Today’s campaign against drugs is just tougher than the usual, but money can lure everyone as before. “Pera Pera lang yan”.
Omerta or conspiracy of silence in the military is the same as the Mafia’s code of silence. When a General, for example, amassed unexplained wealth coming from shady deals or deeds, not one among his peers would see, hear or talk about it. They would not snitch or squeal on their own comrades or “mistha”. All the while, in all likelihood, everyone from the upper echelon of the military knows about the drug involvement of the five Generals that Duterte tagged. Yet, no one howls about it. They are all timid.

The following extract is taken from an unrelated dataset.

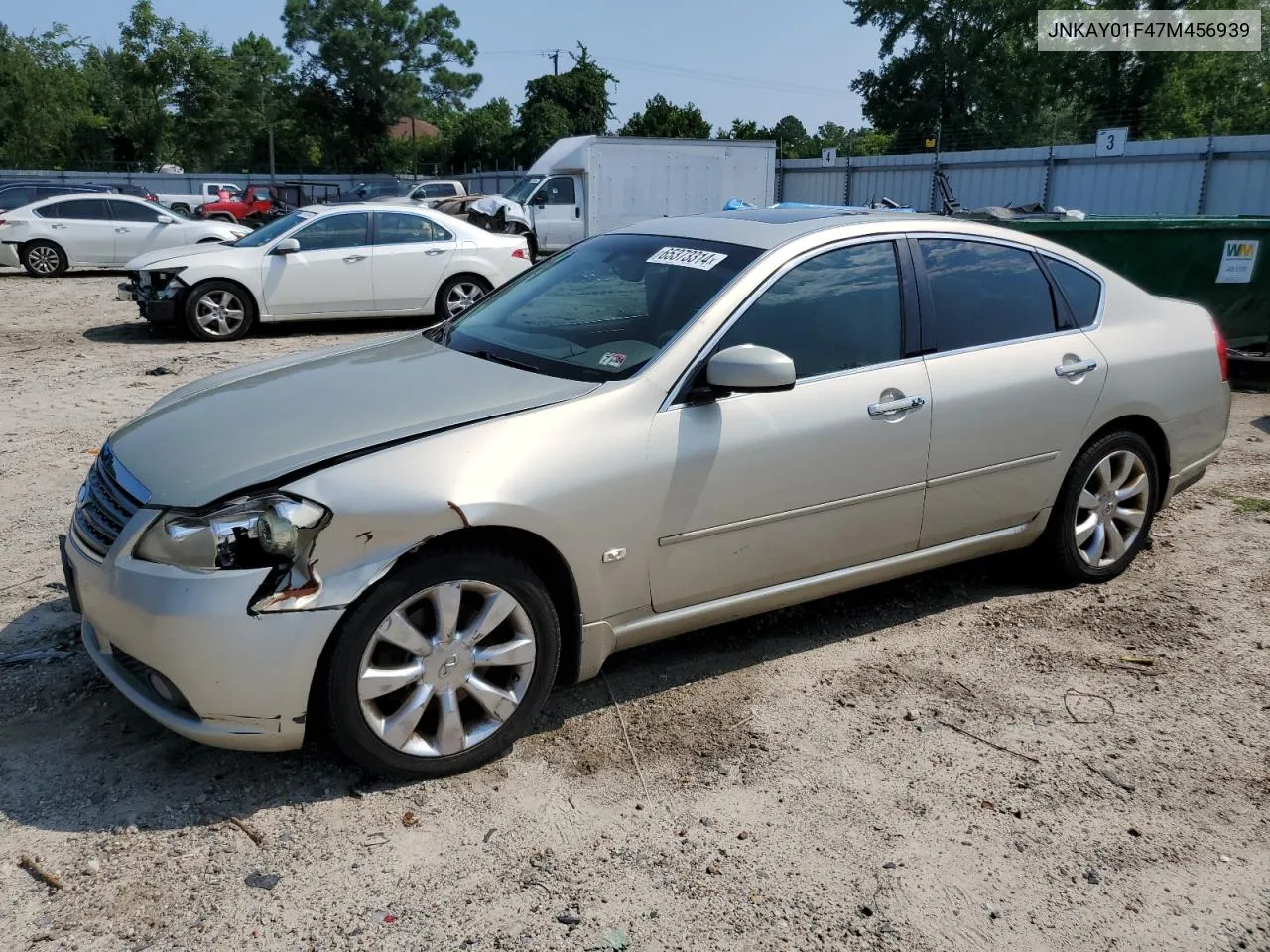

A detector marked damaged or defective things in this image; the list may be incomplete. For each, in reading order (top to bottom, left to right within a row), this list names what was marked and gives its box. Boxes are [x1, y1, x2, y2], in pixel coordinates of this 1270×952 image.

broken headlight [134, 494, 327, 567]
damaged infiniti m35 [66, 208, 1230, 774]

All of Duterte’s predecessors go easy on the military. They didn’t want the military to be disgruntled, as they are wary they may cook up a coup, or launch mutinies. With Duterte, the Generals perhaps thought he would be the same as the other presidents before him – careful not to confront them. As the Generals feel confident, untouchable, and safe – might as well wait and see.
The Generals may have thought, too, that Duterte is all sound bites, empty threats, and on a fishing expedition. Does Duterte really have the goods on them? He is a politician and a lawyer. What if he is just bluffing?
The Generals and their cohorts have had previous entanglements with the law, and because of their huge “narco money”, they were able to buy the silence of everyone. If the push comes to shove as the situation is tougher than usual, their “narco money” would come again to their rescue. Tempered with arrogance, the Generals would say – “Kayang-kaya. Pera pera lang naman yan”.
So these Generals gambled on the humiliation path as their best option.
As President Duterte named the five Generals involved in the illegal drug trade on July 5, 2016, they panicked. And all they come up with are lousy excuses; they are willing to take a lie detector test, or undergo a lifestyle check, or saying – their conscience is clean.
Retired Deputy Police Director Marcelo Garbo, one of the Generals named by President Duterte even claimed he believed the President was fed with wrong and poison information.
On July 7, 2016, President Duterte presented a matrix to the media that shows Garbo as the coddler of two drug lords who operate drug trade while inside the New Bilibid Prison.
Should these Generals, say, take the resign, retire, and surrender path, could they negotiate a saving face? Probably. And maybe the impact of humiliation would not be that heavy.
What these Generals misread perhaps is the full measure of Duterte’s battle cry, which he always says in his bold, and crude elegance in an intonation that fits the occasions. He utters his battle cry, along this line: “I am ready to stake my honor, my life, and even my presidency, for all I care. But I have to do what I have to do to save my country from drugs, criminality, and corruption.”
All along, as events unfold, President Duterte’s battle cry neutralize entities that get in the way of his leadership style; the Church Hierarchy of the CBCP, the rogue Media Industry, and now, the five “narco Generals” of the Philippines.